En el revelador documental Scott Walker: 30 Century Man (Stephen Kijak, 2006) asistimos a una de las sesiones de grabación en los Metropol Studios de Londres. Una década después de asombrar al mundo con la que algunos todavía consideramos su obra maestra, Tilt (1995), la neurosis existencial de Scott Walker alumbraba un nuevo desafío para el oyente que eleva la congoja a la categoría de ARTE con mayúsculas. En la cinta, vemos a Walker, parapetado tras sus sempiternas gafas de sol, corrigiendo al percusionista Alisdair Malloy sobre cómo ha de golpear un costillar de cerdo. El resultado es ‘Clara (Benito’s Dream)’, una sublimación poética del linchamiento popular de Benito Mussolini y su amante Claretta Petacci en la Piazza Loreto de Milán en 1945, en la que el martirio fascista deviene en una elegía de la carne doliente que parece extraída de un lienzo de su admirado Francis Bacon: “Los pechos todavía pesan / Las piernas cuelgan, largas y estiradas / El labio superior se ha quedado corto / Los dientes siguen siendo pequeños / Los ojos son verdes / El pelo, largo y negro / Todavía sobreviven”.
Concebida como una ópera abstracta sobre los horrores del siglo XX, ‘The Drift’ amplifica los logros expresivos de su banda sonora para ‘Pola X’ (Lèos Carax, 1999) y contradice la máxima de Adorno sobre la imposibilidad de escribir poesía como consecuencia del Holocausto. ¿Cómo definir, entonces, ‘Dies Irae’ (1967) de Penderecki o ‘Quatuor pour la fin du temps’ (1941) de Messiaen, compuesto durante el confinamiento del francés en un campo de prisioneros de Görlitz? Los versos inaugurales de ‘Cossacks Are’ exorcizan los fantasmas de Auschwitz, Srebrenica y el 11-S, trazando una desoladora panorámica de la naturaleza humana: ‘el salvajismo medieval / calculó la crueldad / es difícil valorar el peor movimiento’. Escarbando en ese pozo de miseria moral que llamamos Historia y de cuya infamia todavía se alimentan los nuevos monstruos que anidan en el corazón de la vieja Europa.
La banda de Steve O’Malley y Greg Anderson, referente ineludible del doom metal más experimental y mesmerizante, merecía cerrar nuestra lista, aunque solo sea en aras de su vocación por desvincular cuerpo y conciencia por la vía rápida del sonido. Decantarse por su alianza con Steve Stapleton y Colin Potter obedece a parámetros más ambientales, pero igualmente radicales: la ingravidez del metal pesado como metáfora de un limbo extrasensorial.
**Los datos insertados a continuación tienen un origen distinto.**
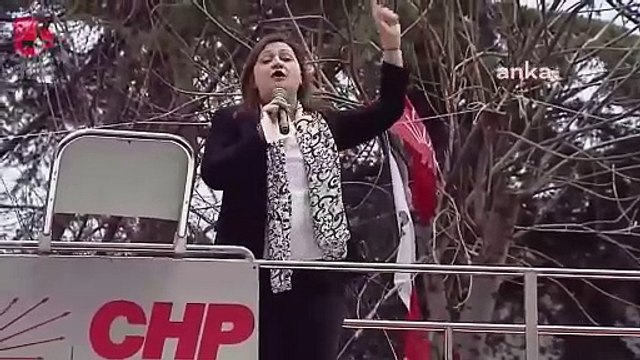 CHP Grup Başkanvekili ve Afyonkarahisar Belediye Başkan Adayı Burcu Köksal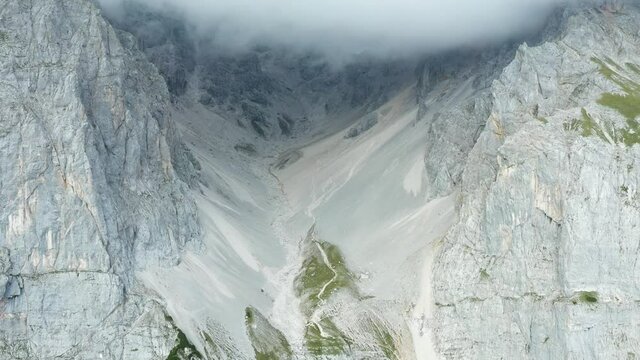 Dachstein, Edelgriess Hiking Trail, Ramsau, Austria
O como cierto sector de la crítica señaló en su momento, “una marcha fúnebre en memoria de nuestros cuerpos dispersos”.
Desde que Stapleton comenzó a manipular el sonido a finales de los setenta, la música de Nurse With Wound se ha caracterizado por un halo volátil, incómodo y surrealista equiparable al de otros nombres ilustres del hemisferio izquierdo del industrial, como Coil o Current 93. El aliento subliminal de su colaboración con SunnO))) se impone mediante el uso de campanas resquebrajadas, cánticos sobrenaturales y guitarras saturadas que no desentonan con el resto del corpus nigrum de los norteamericanos. Por su parte, los artífices de ‘Monoliths & Dimensions’ (2009) parecen imbuidos del feedback espiritual del ‘Soliloquy for Lilith’ (1988) de NWW, obsequiándonos con una hora de invocación ultraterrena.